Still, let’s entertain the possibility of a scalable gold currency. In order for it to work, it must be warehoused by a company after which digital credits are issued against that gold. Such credits could hypothetically work if there wasn’t one major problem – centralisation. A digital gold payment service requires some form of custodial solution] and thus forces users to counterparty risk.

This is a fatal flaw as if one such counterparty ever grew to scale, a government could shut it down, switch off its servers, arrest its principles and seize its assets. This happened with E-gold and Goldmoney, both of which were forced to limit or close down online operations.

Given this reality, private money cannot scale and thus can never surpass fiat because a government won’t allow it. As such, gold is impractical for modern day commerce.

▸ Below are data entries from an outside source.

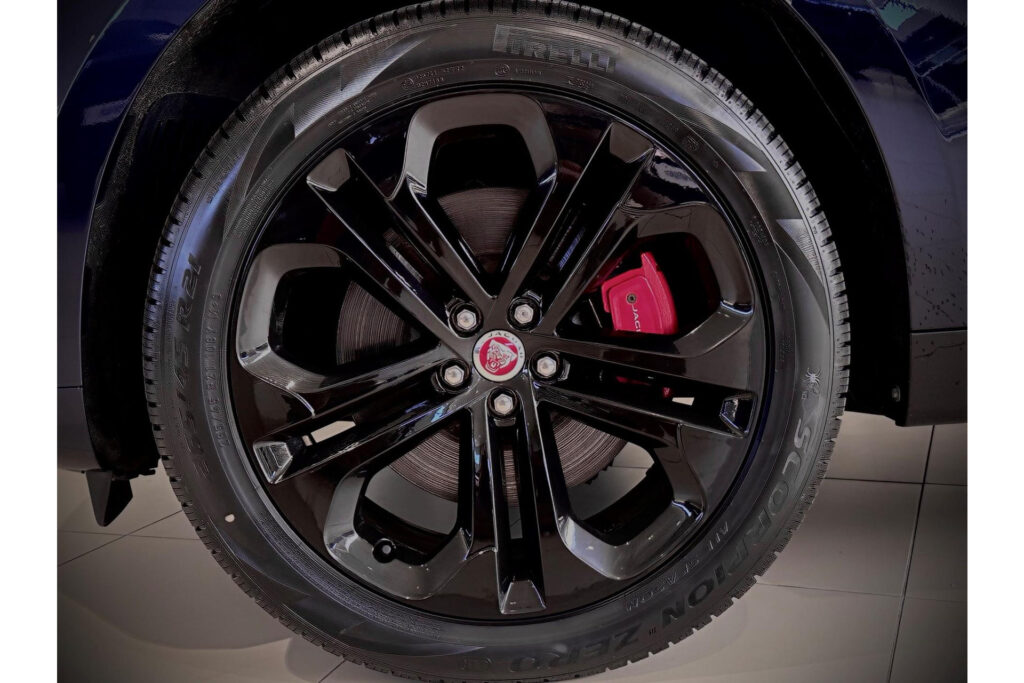 Jaguar F-PACE P400e R-Dynamic Black, foto 17 van 39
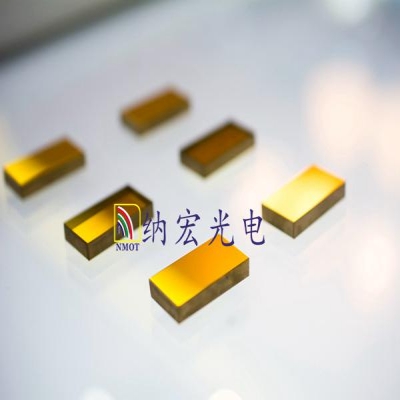 常用金屬膜反射鏡主要分為幾個類別呢？
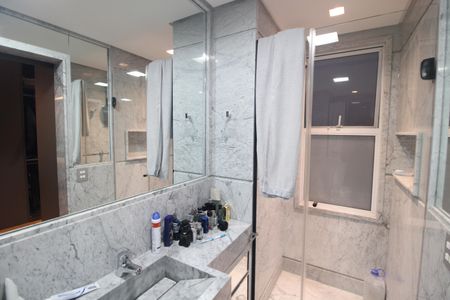 Apartamento à venda com 235m², 2 quartos e 4 vagasBanheiro Social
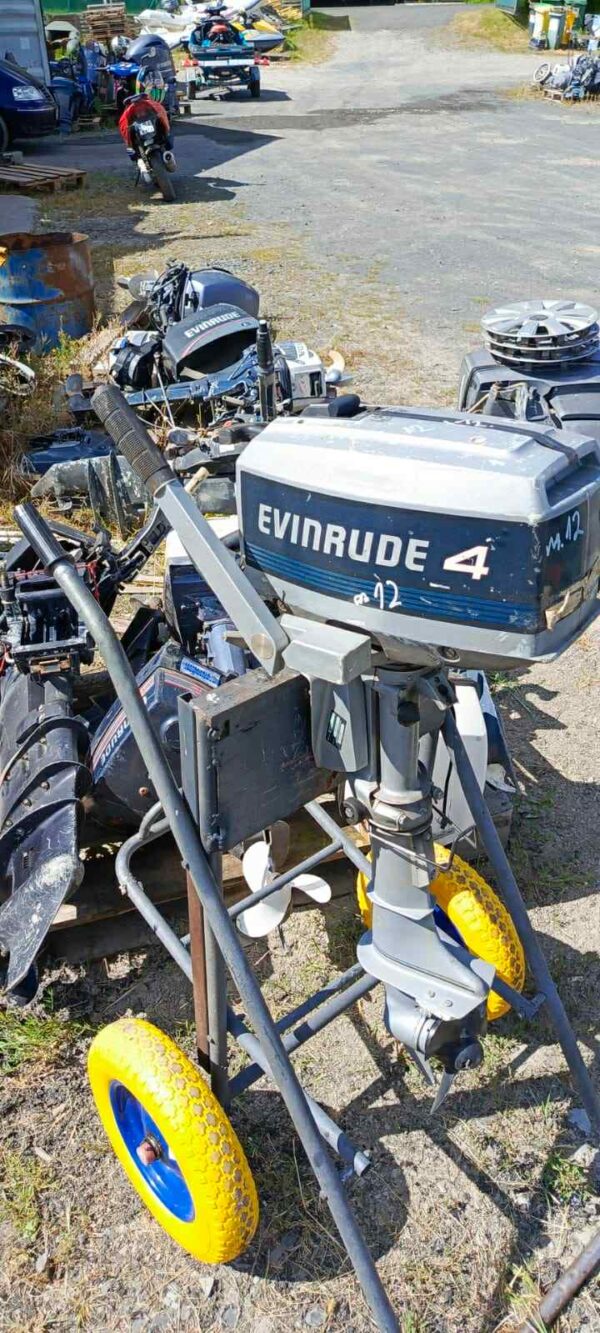 Evinrude 4KM 2T cały na części (rumpel)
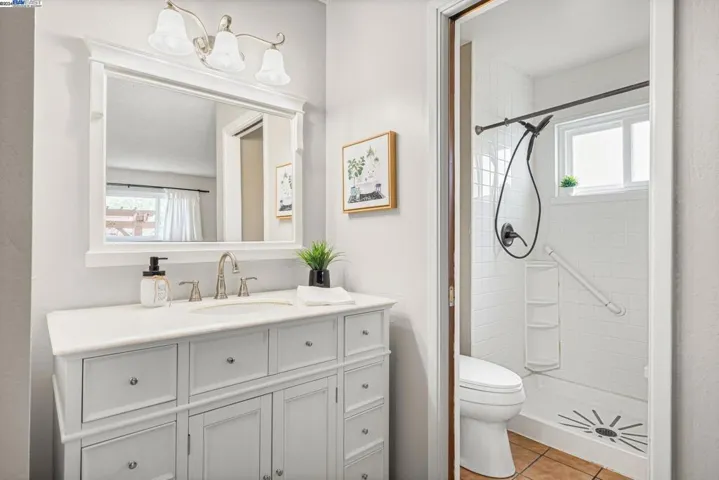 321 Simone Place, Santa Rosa, California 94509-3737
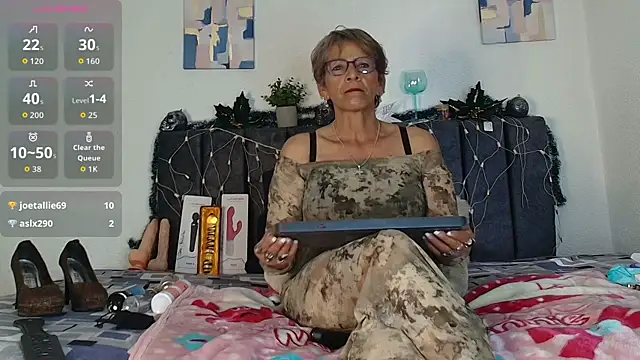 Devora_mature65 webcam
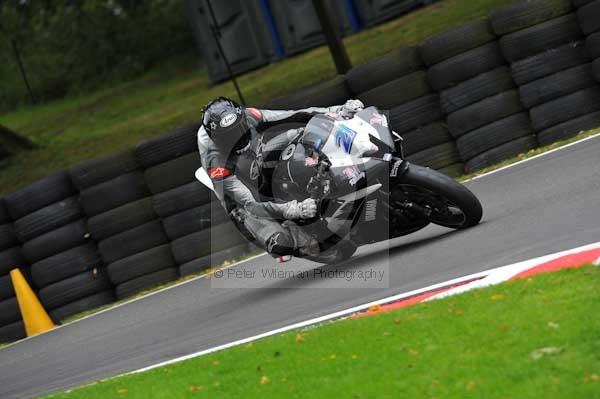 Motorcycle action photographs;cadwell;cadwell park photographs;event digital images;eventdigitalimages;motor racing louth lincolnshire;no limits trackday;peter wileman photography;trackday;trackday digital images;trackday photos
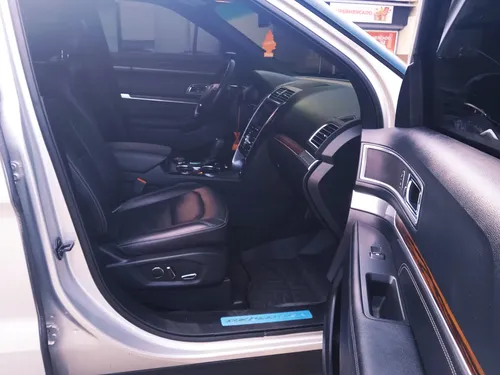 Ford Explorer Limited 2016 Plateado Caracas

Bitcoin will win because despite all the naysayers, it is the best money currently in existence. Since it is decentralised, it cannot be stopped. The transition doesn’t happen all at once; nobody will instantly switch from fiat and banks to bitcoin and blockchains, but rather bitcoin will simply come to be used as an occasional alternative to fiat.

Individuals will find times and places where it is easier, cheaper, safer and faster to use bitcoin to store or transfer wealth over using a credit card. For the over two billion unbanked people on earth, the choice will be easy. 

In spite of the continued failings of the legacy financial system, bitcoin now empowers people with full financial sovereignty. With just a $50 smartphone and internet access, anyone can send and receive money anywhere in the world at near zero cost, and there is nothing you can do to stop that. Indeed, bitcoin is one of the most powerful tools of individual empowerment ever created and it’s only getting stronger.

Today, fiat exists today solely on the momentum of tradition. Older generations will cling to it for some time but they and their ways are dying as their wealth decays in front of them, to be debased by the very people they vote into parliament. Fiat money will fall in time  and it will be remembered as another of history’s examples of mass delusion, which in hindsight appears so obviously foolish.

Needless to say, crypto is not a panacea but opens the floodgates for real competition in the realm of money. As it restructures the financial system, bitcoin will find its way into every crack and every crevasse of economic activity on a global stage, and future generations will see it as inevitable as the collapse of serfdom and for the very same reason.